The goal of capitalism is in the name: to prioritise capital above all else, especially if it takes away from empowering people to make their own decisions about where that money should go.

“Democracy doesn’t belong on this continent,” proclaimed the Black Peoples Union's Keiran Stewart-Assheton.

Democracy is a process for people who have no law, and must make up their laws as they go. It forces individuals, by way of western liberalism, to fulfil self-serving agendas.

Indigenous cultures didn’t have democracy because they didn’t need it - they had set laws in place that no individual or groups were above. They had to be followed, and that was based around the core of respect, sustainability, and honouring the land with consideration for the future generations. Democracy fosters the opposite of these things.

“Democracy is a Western, liberal practice, that only ever upholds the interests of individuals, conquest, and of capitalism.”

How can we have concrete, un-touchable laws in place while also upholding a system that allows a group of settlers the ‘right’ to undermine and erase those laws in favour of their own interests?

Settler’s ‘democratic rights’ - both socially and politically - can only ever exist in contrast and opposition to the legitimate First Nations laws of this continent. The only reason democracy favours settlers is because they are part of the majority as a direct result of their ancestors wiping out and displacing indigenous people.

It’s clear that with democracy suiting settlers, any instance of settlers pushing democracy as a means of organising or solving issues, are dishonouring the laws of the lands they currently occupy.
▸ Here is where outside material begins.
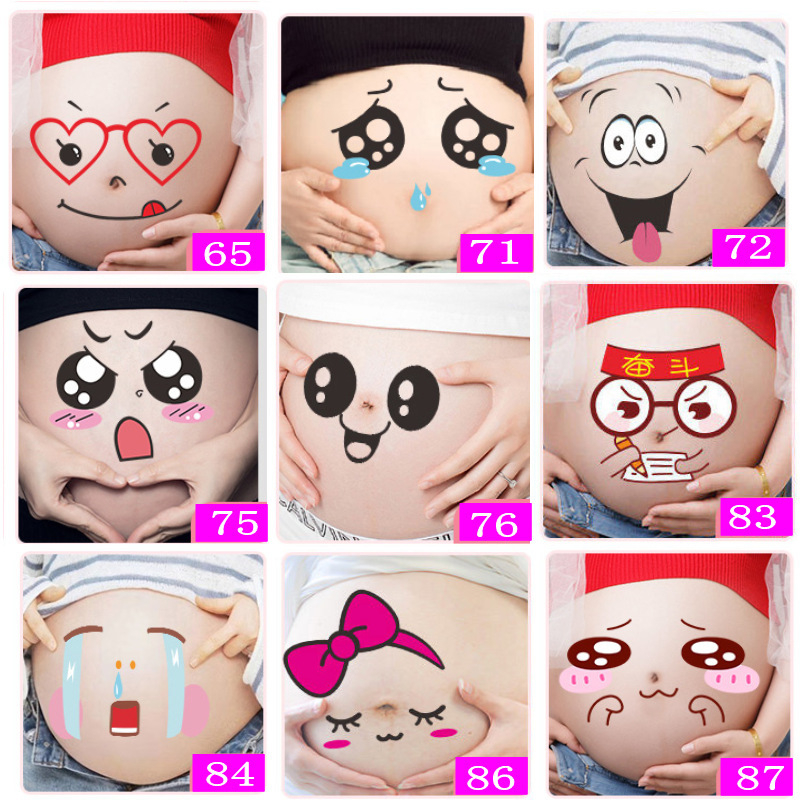 Стикери за корема по време на бременност, кръгли PVC, печат, Wu марка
To find a sense of community in the face of material hardship and failing hauora on all fronts, people are forced to turn to gangs rather than reconnecting with their roots — or fostering new ones.

The rapid urbanisation of Māori and mandated integration of cultures has seen the degradation of tikanga itself, though due to the socioeconomic grasp capitalism has on indigenous communities, it has united with the materially disadvantaged to form gangs. Anti-state, anti-police, anti-system gangs, setting out to disrupt and show that there is power in the people.

These violent gangs are then lumped together as just ‘violent Māori’, because they’re a ‘war’ culture, by the colonial government and settlers with no regard for why. Why did this happen? Why has the state allowed this to happen?

We are not ‘one people’. We have never been ‘one people’. And until capitalism is dismantled in its entirety, we will never be anywhere close to this abstract idea of ‘one people’.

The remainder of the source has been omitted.